1st of September 1987
A date that always sticks in my “fishing” mind, as this was the day Sandy Milne, head Ghillie for many years at Knockando, played the biggest salmon I’ve ever seen. And yes, that does include my time on the wonderful Alta River in Norway.
Although now rare here in Scotland, this was not always the case. Between 1900 and 1950, the stats point to around 50rod caught fifty pounders caught by rod and line in the UK. Even on the world's best river for big Atlantic Salmon, the Alta those once common 4SW fish are now thinner on the ground, although this river will still produce the odd 50 pounder and on a rare occasion a 60!
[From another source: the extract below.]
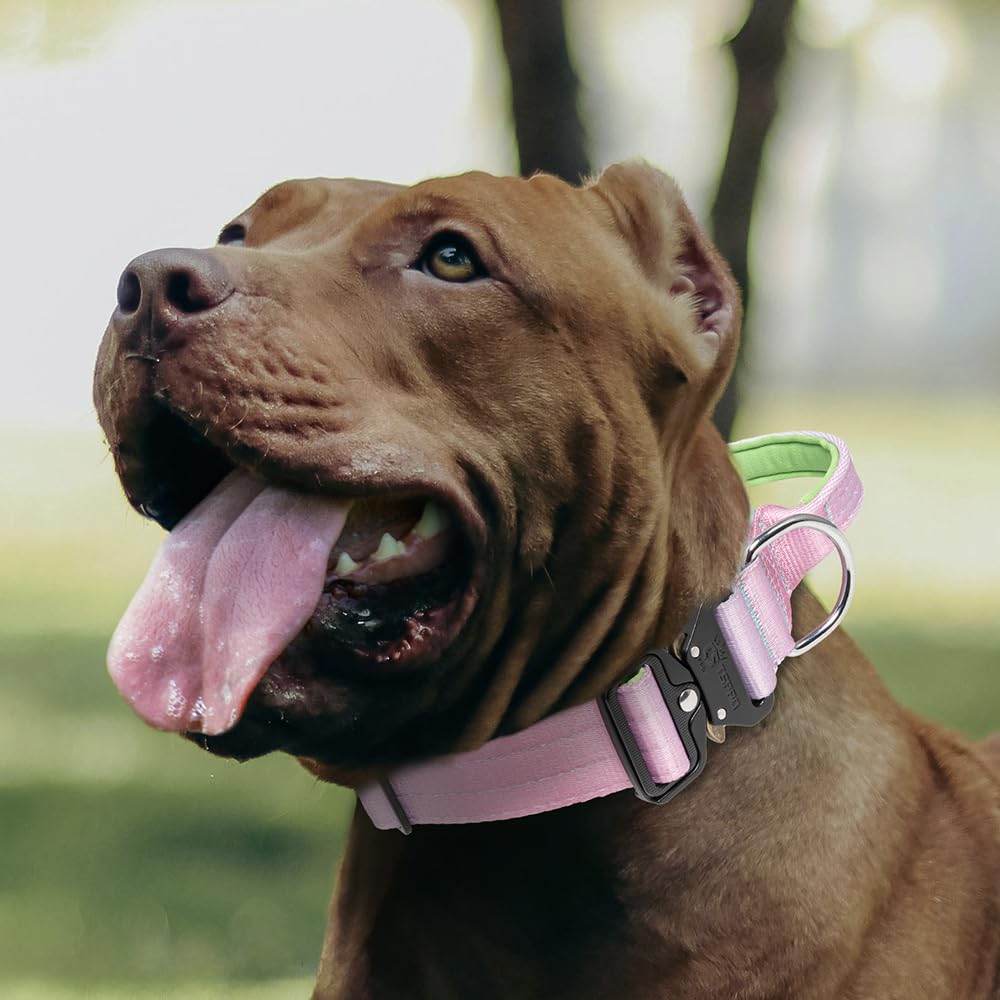 TSPRO collar táctico ideal para paseos y entrenamientos al aire libre.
Once they return to fresh water as mature fish, Atlantic Salmon are safe from predation. The further they migrate in the ocean, the more open they become to predation. GA Nall’s fabulous book on the life of Sea Trout makes this fact truly clear. The closer the migrating fish is to a reliable food source, the more adults will return to spawn, and the greater spawning frequency. In the case of West coast Sea Trout, this meant they would return to spawn an average of 5 times during their lifetime, with one Sea Trout returning to spawn 11 times.
My trip to Lake Thingvallavatn in 2017 produced a 27lb Brown Trout, the world biggest that year. The reason fish grow so big here is the same, the abundance of food and, other than man, no predators. The average spawning frequency of those fish I sampled during this trip was 5 times.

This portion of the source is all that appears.